Searching Innovation for the Common Good | By Cees Buisman


In his key note he will conclude after a life of innovations that it is impossible that humanity will stay within the save planetary boundaries with innovation only. We should be more critical about the behaviour of the rich population in the world and more critical about new innovations that prove to be dangerous, like the PFAS crisis shows at this moment. In his keynote he will investigate how to look at the world that can stay within the save planetary boundaries, how should we change ourselves? It is clear if we only talk about the words of science and systems we miss the essential words of how we should cooperate and change ourselves. And his search for coherent save innovations. Which innovations will be save and will lead to a fair and sustainable world? And will lead to a world we want to live in.

Future-fit economic models: What do they have in common – how can they join forces? | By Christian Felber


There is a growing number of new sustainable, inclusive, cohesive, participatory, just and humane economic models. A possible next step in the discourse about them is the comparative analysis in order to find out key commonalities, potential synergies, and “requirements” for a future-fit economic model. The author and initiator of the Economy for the Common Good provides an overview of these „new sustainable economic models“ and compares them according to underlying values, principles, and practical ways of implementation. The keynote addresses the cooperative spirit of the conference and prepares the ground for its public highlight on the eve of June 3rd, the round table with representatives of diverse future-fit economic models.

The era of postgrowth economics | By Matthias Olthaar


The scientific debate on whether economies should always continue to grow increasingly becomes a political and societal debate. On the one hand further growth for the most affluent countries seems neither possible nor valuable, but on the other hand there is still lack of understanding and knowledge what a non-growing economy should look like and could best be governed. In this lecture we discuss various policy measures that can be realistically implemented, take into account government finances and aim at a higher quality of life despite a non-growing economy.

Democratic principles for a sustainable economy | By Lisa Herzog


Democracy is under pressure, and less and less able to stir the economy into a sustainable direction. Therefore, to stabilize democracy and to make possible the socio-ecological transformation of the economy, democratic principles need to be implemented directly in the economy. This is not only a matter of morality, but also has practical advantages. Democratizing the economy can increase legitimacy and take advantage of the “knowledge of the many” to accelerate the transformation. Democratic practices, especially deliberation, allow bringing together different forms of knowledge, which is crucial for the local implementation of principles of social and ecological sustainability. This talk explores what this idea means in more concrete terms, from democratic participation in the workplace to the democratization of time.

Market, state, association, and well-being. An historical approach | By Bas van Bavel


Over the past decades, markets have conventionally been seen as the best instrument to stimulate economic growth and enhance prosperity and well-being.
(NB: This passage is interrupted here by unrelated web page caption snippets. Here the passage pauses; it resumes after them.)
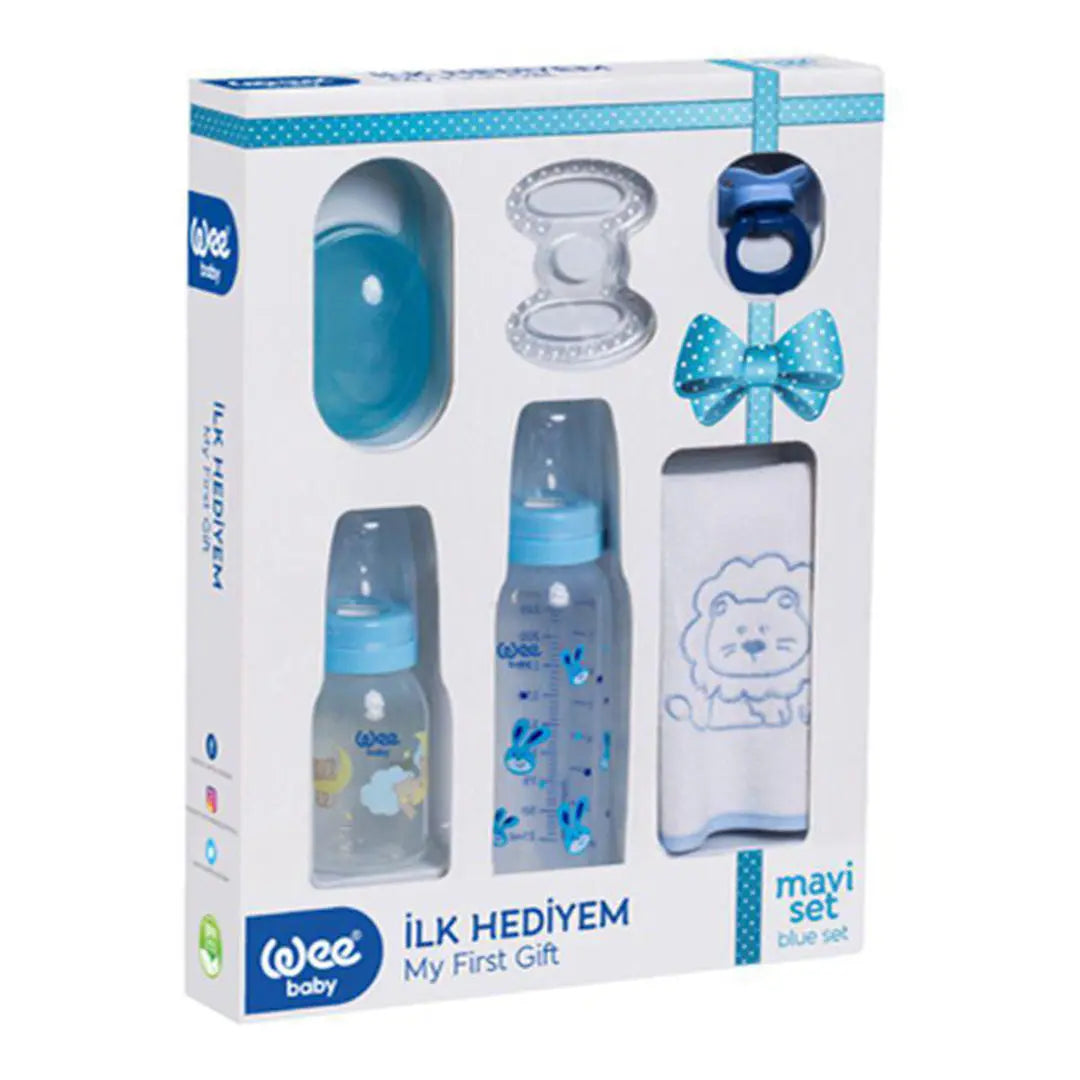 Wee Baby Gift Set Blue Wee Baby Yallatoys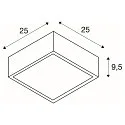 SLV Plafondarmatuur PLASTRA 104, wit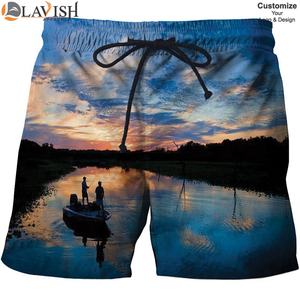 Shorts de bain décontractés pour hommes 100 % polyester, séchage rapide, respirants, écologiques, anti-plis, service OEM inclus - Product Image 5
The automatic link between markets and economic growth is increasingly questioned, however, as well as the automatic link between economic growth and enhancement of well-being. This has led to attempts to capture well-being development more directly than through GDP per capita figures and has produced a more variegated picture of well-being growth. Also, this has led to a shift of focus to other coordination systems than the market, as primarily the state but increasingly also the association. Analyses of the historical record suggest that especially the latter could be a vital component in future well-being.